Description
Hi.
When I add multiple tensors(>=3) with add_elementwise(), There is a error happened:
[TensorRT] ERROR: ../rtExt/cuda/cudaPointWiseRunner.cpp (117) - Assertion Error in PointWiseRunner: 0 (defaultParams.inputs.size() == static_cast<size_t>(nbInputs))
Environment
TensorRT Version: 7.1.3.4
GPU Type: 2070super
Nvidia Driver Version: 440.31
CUDA Version: 10.2
CUDNN Version: 8
Operating System + Version: ubuntu18.04
Python Version (if applicable): 3.7
TensorFlow Version (if applicable):
PyTorch Version (if applicable): 1.6
Baremetal or Container (if container which image + tag):
Steps To Reproduce
here is the script to reproduce the error:
import tensorrt as trt
import torch
import numpy as np
def main():
print("create trt model")
log_level=trt.Logger.ERROR
logger = trt.Logger(log_level)
builder = trt.Builder(logger)
## build network
EXPLICIT_BATCH = 1 << (int)(
trt.NetworkDefinitionCreationFlag.EXPLICIT_BATCH)
network = builder.create_network(EXPLICIT_BATCH)
input_name = 'input'
output_name = 'output'
input_trt = network.add_input(name=input_name, shape=[1,-1,-1,-1], dtype=trt.float32)
# sum
sum_trt = network.add_elementwise(input_trt, input_trt, trt.ElementWiseOperation.SUM).get_output(0)
sum_trt = network.add_elementwise(sum_trt, input_trt, trt.ElementWiseOperation.SUM).get_output(0)
output = sum_trt
output.name = output_name
network.mark_output(output)
## builder config
max_workspace_size = 1<<30
fp16_mode = False
builder.max_workspace_size = max_workspace_size
builder.fp16_mode = fp16_mode
config = builder.create_builder_config()
config.max_workspace_size = max_workspace_size
profile = builder.create_optimization_profile()
min_shape = (1, 4, 200, 200)
opt_shape = (1, 16, 400, 400)
max_shape = (1, 32, 800, 800)
profile.set_shape(
input_name, min_shape, opt_shape, max_shape)
config.add_optimization_profile(profile)
if fp16_mode:
config.set_flag(trt.BuilderFlag.FP16)
engine = builder.build_engine(network, config)
context = engine.create_execution_context()
print("inference")
input_torch = torch.rand(1,16,400,400).cuda().contiguous()
bindings = [None] * 2
idx = engine.get_binding_index(input_name)
context.set_binding_shape(idx, tuple(input_torch.shape))
bindings[idx] = input_torch.data_ptr()
idx = engine.get_binding_index(output_name)
shape = tuple(context.get_binding_shape(idx))
output_torch = torch.empty(shape,dtype=torch.float32).cuda()
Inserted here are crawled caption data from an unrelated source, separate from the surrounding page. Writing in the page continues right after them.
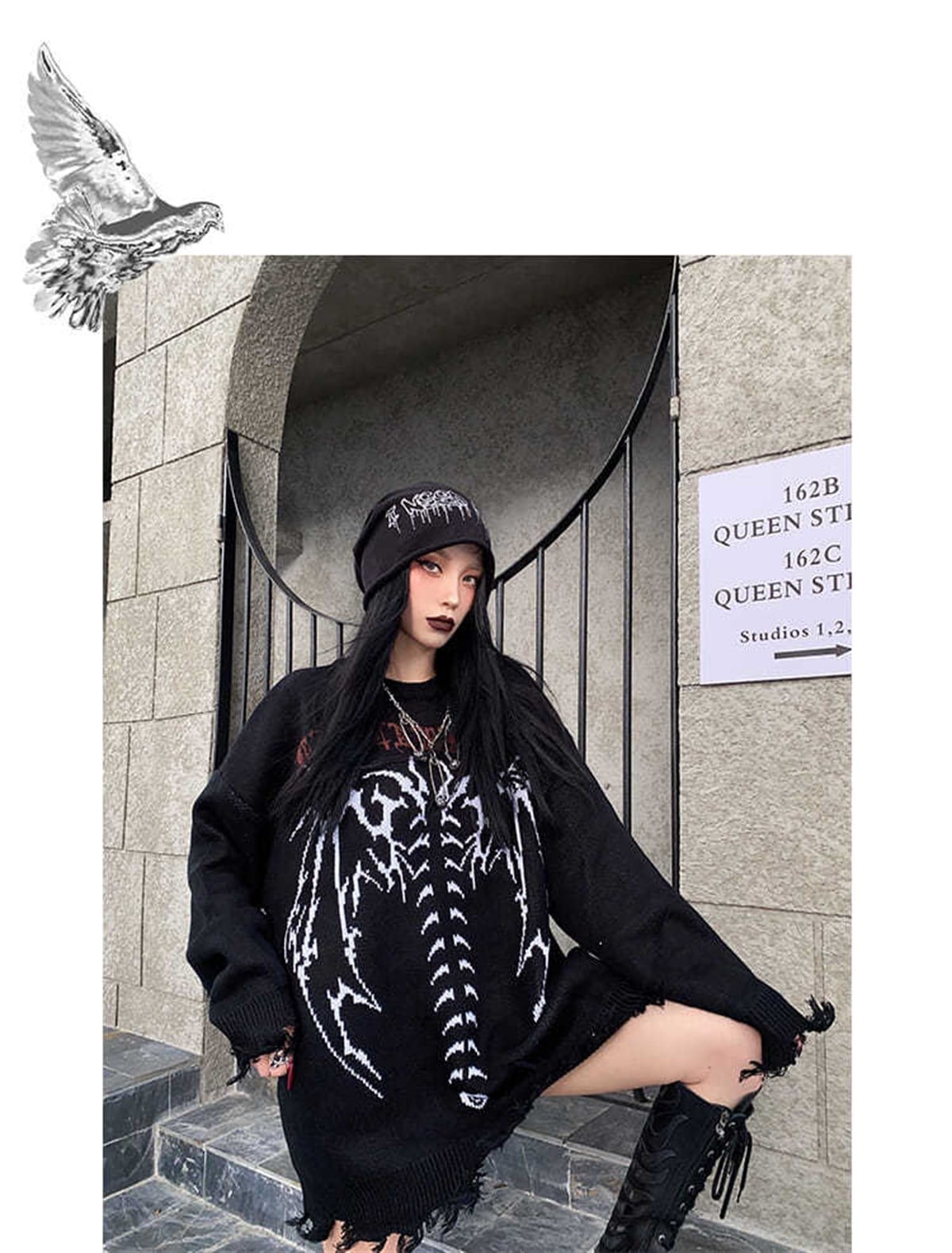 Gothic Skeleton Siyah Unisex Oversize Kazak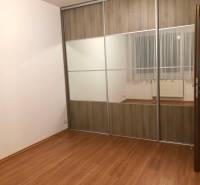 A room in a 2-room apartment with a wooden decor floor and a built-in wardrobe.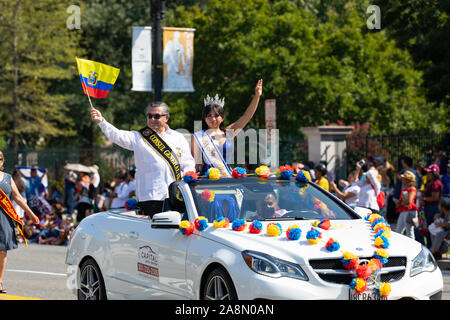 Washington DC, USA - September 21, 2019: The Fiesta DC, Ecuadorian beauty queen, with the Consul General from Ecuador, traveling down constitution ave Stock Photo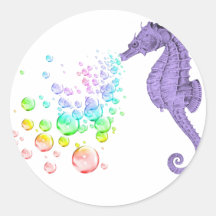 seahorse blowing rainbow bubbles stickers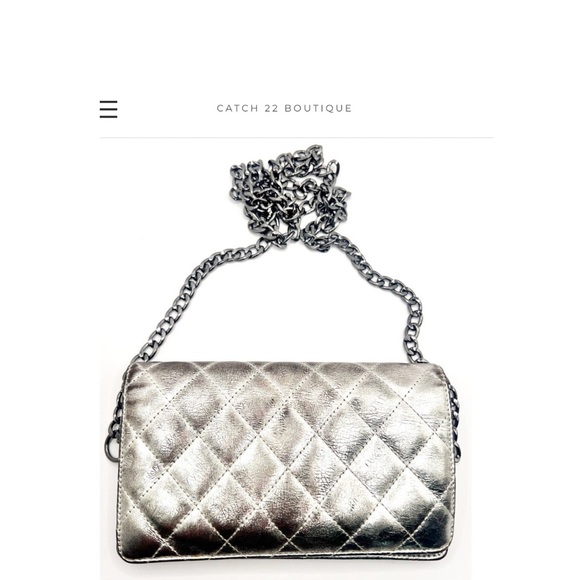Chanel Metallic Silver Quilted Leather 2.55 Reissue L Yen Continental WOC - Picture 3 of 10
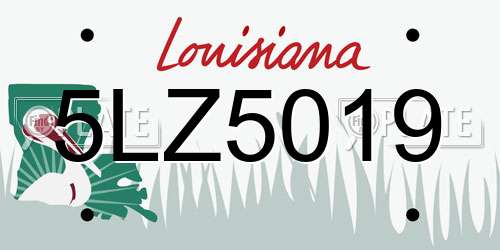 5LZ5019 Louisiana License Plate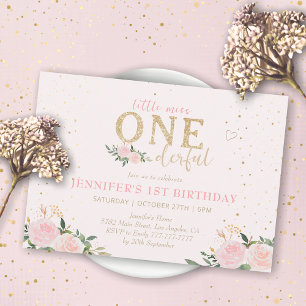 Pink Floral Little Miss Onederful 1st Birthday Invitation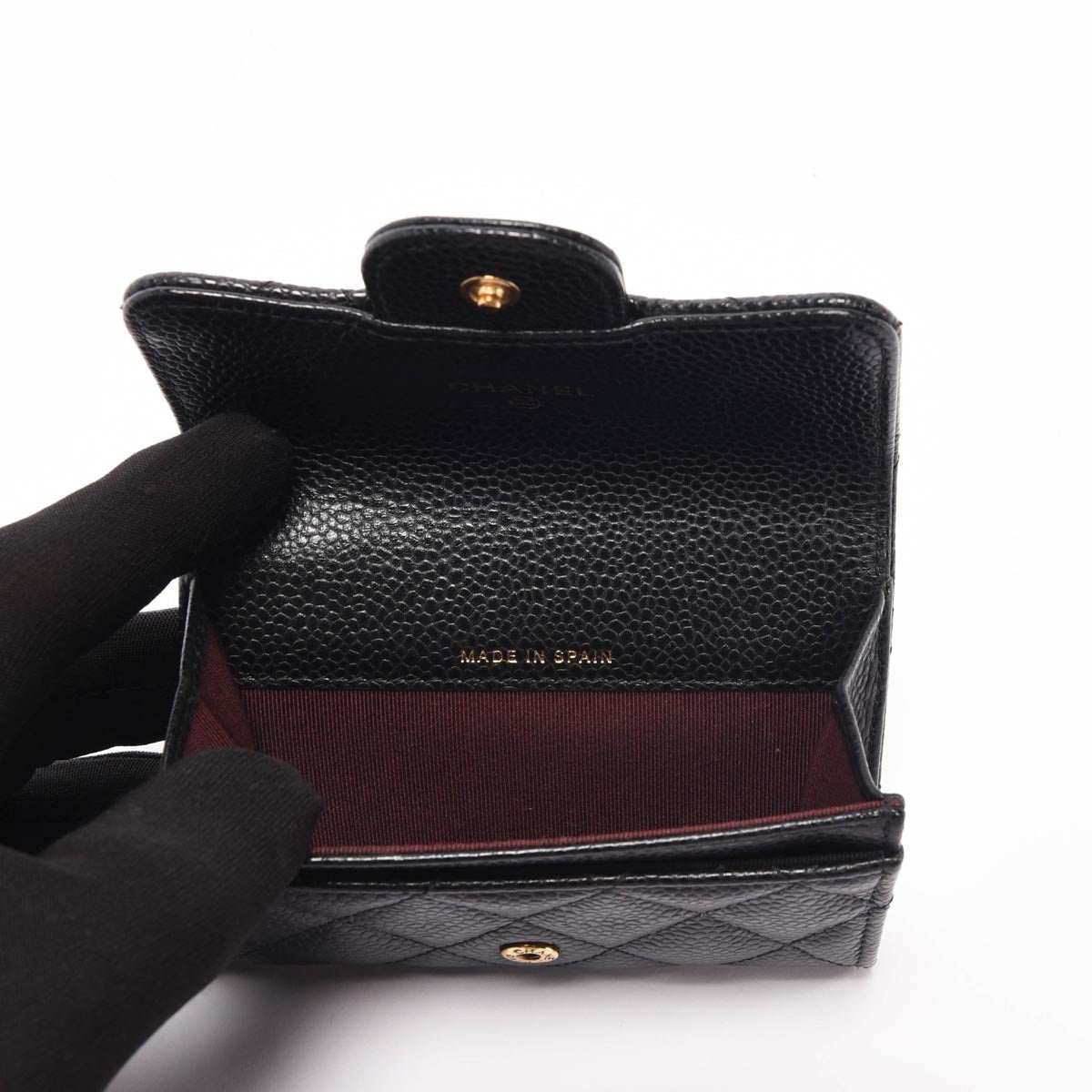 Chanel Black Quilted Caviar Classic Card Holder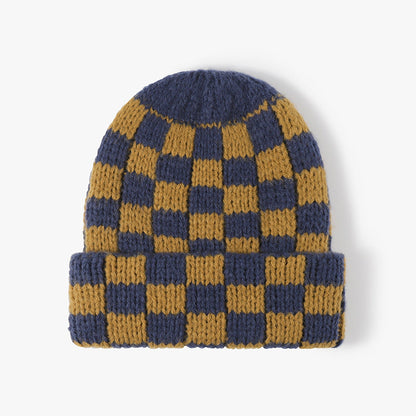 Plaid Contrast Color Warm Knit Beanie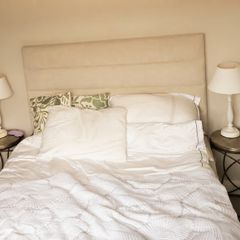 King size bed + headboard + mattress + bedside tables + lamps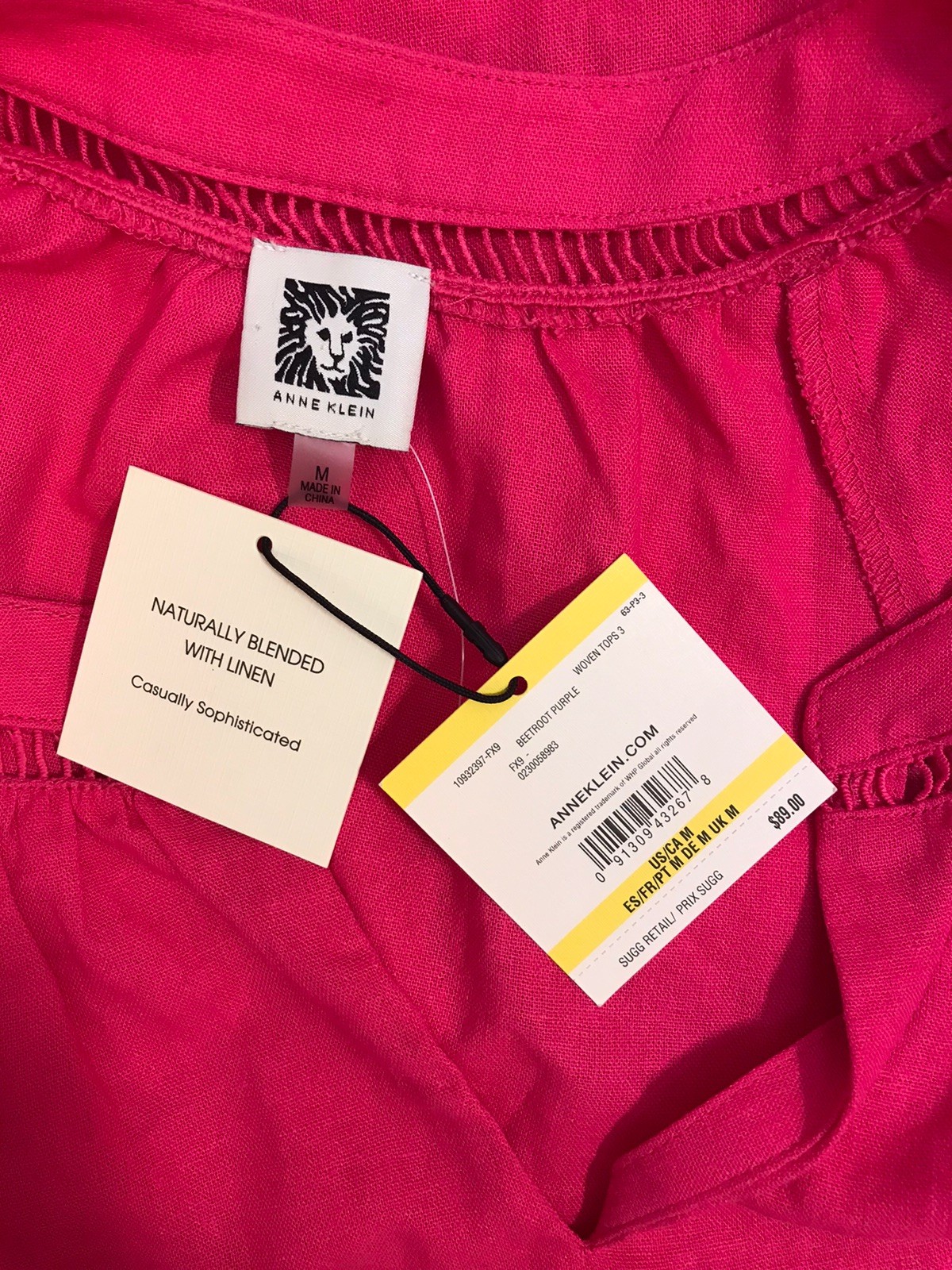 Anne Klein M Top NWT $89 Linen Blouse Pink Crochet Low V Cut Sexy Shirt 3/4 Slvs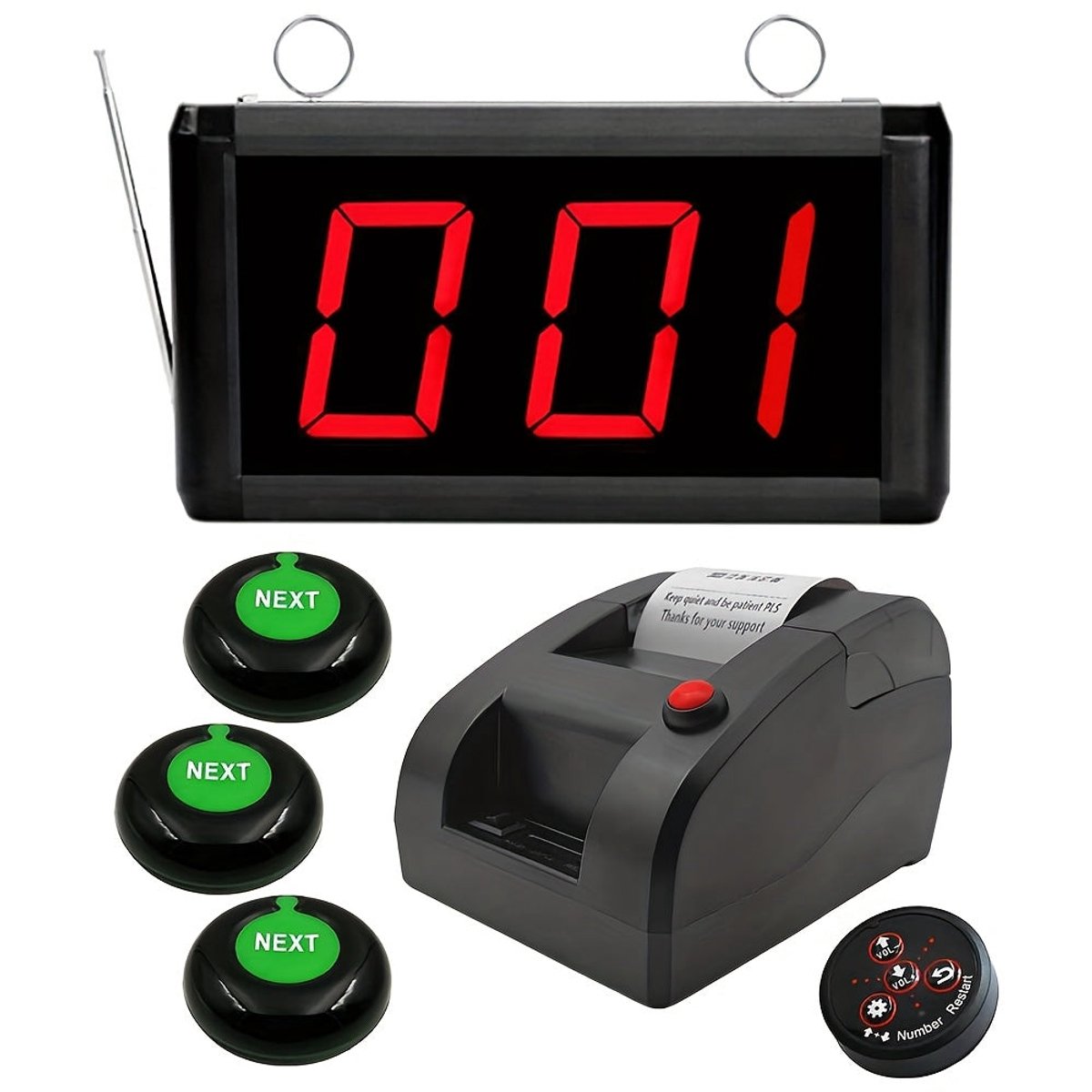 Take A Number Systeem – Wachtrijsysteem – Nummerdisplay – Ticketprinter – Draadloos Oproepsysteem – Met Geheugenfunctie Bij Stroomuitval – Inclusief 3 Next Call Knoppen En Afstandsbediening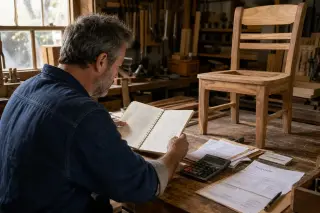 Woodworker in workshop reviewing paperwork and finances in natural morning light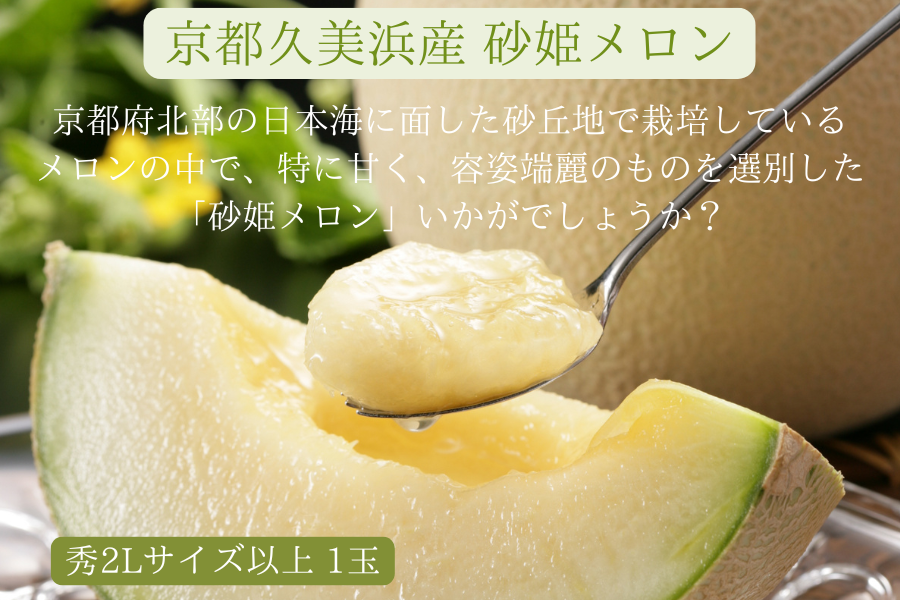 京都久美浜産 砂姫メロン（秀 2Lサイズ以上 1玉）: JA全農京都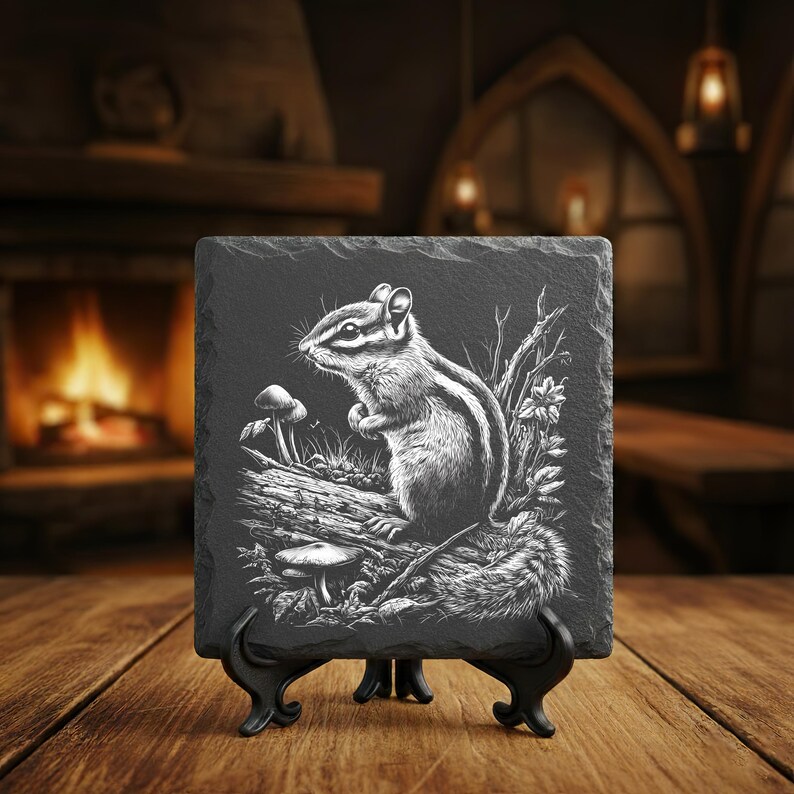 May include: A black slate plaque with a detailed white engraving of a chipmunk perched on a log with mushrooms and foliage. The plaque is displayed on a black easel, perfect for home decor.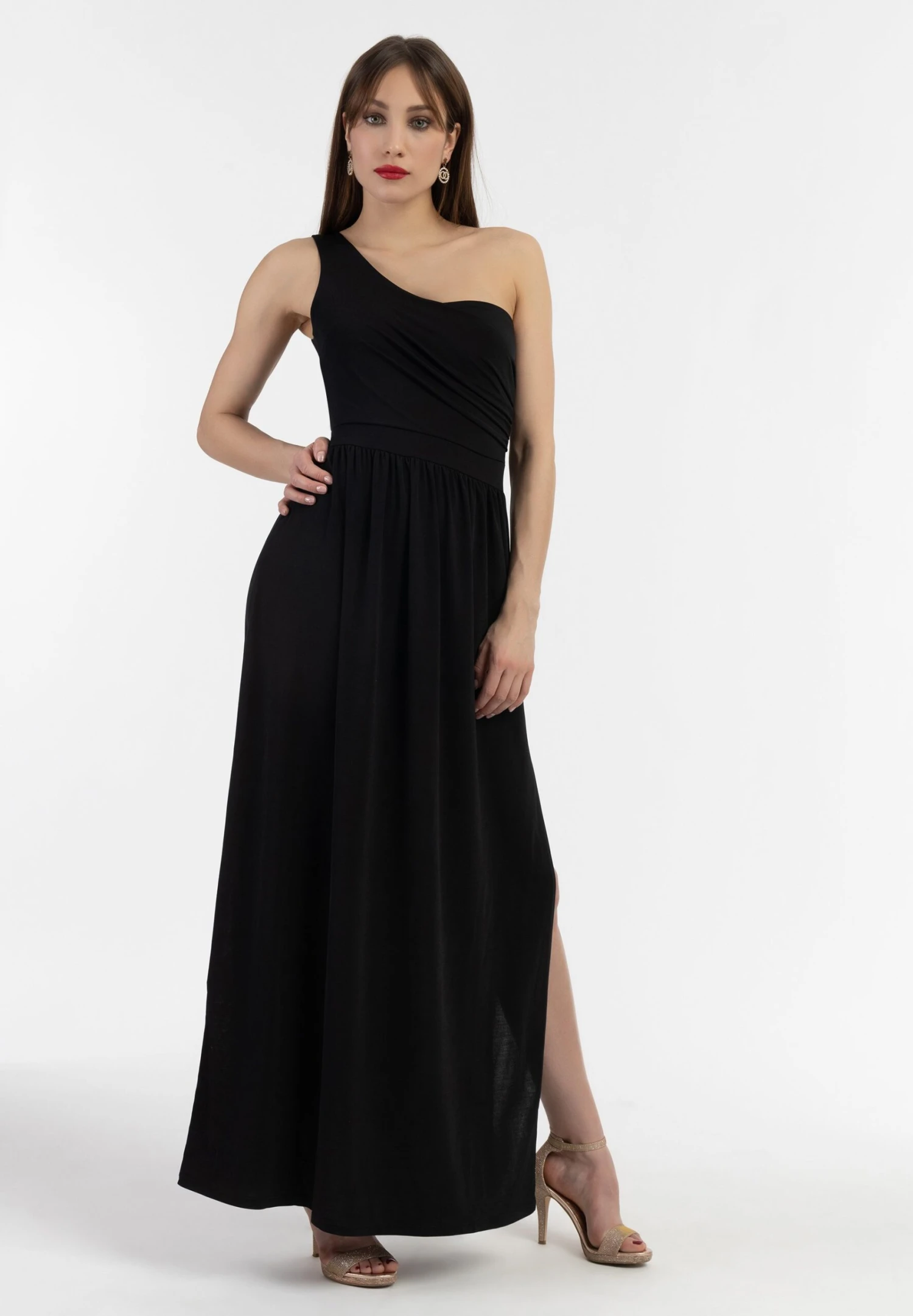 Faina One-Shoulder Vestito LungoSchwarz Donna Vestiti FAB21C08A-Q11 4 Faina One-Shoulder Vestito LungoSchwarz Donna Vestiti FAB21C08A-Q11 - Image 2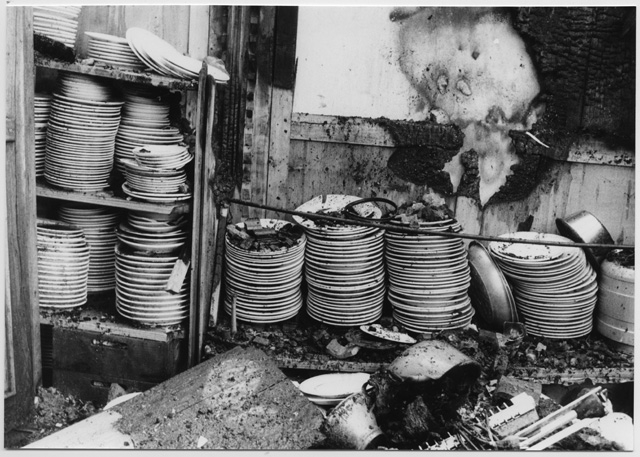 Cucina del Convento di Bigorio dopo l'incendio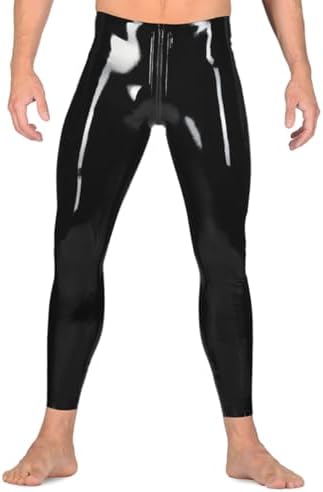 Men Black Latex Pants Crotch 2-Way Zipper with Red Strips Tight Mid Waist Rubber Trousers Leggings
bindings[idx] = output_torch.data_ptr()
context.execute_async_v2(bindings, torch.cuda.current_stream().cuda_stream)
print(output_torch.shape)
print(output_torch.view(-1)[:10])
if __name__ == "__main__":
main()
if I remove the second add_elementwise(), the code works fine. Is there any limit on elementwise op?
Thanks.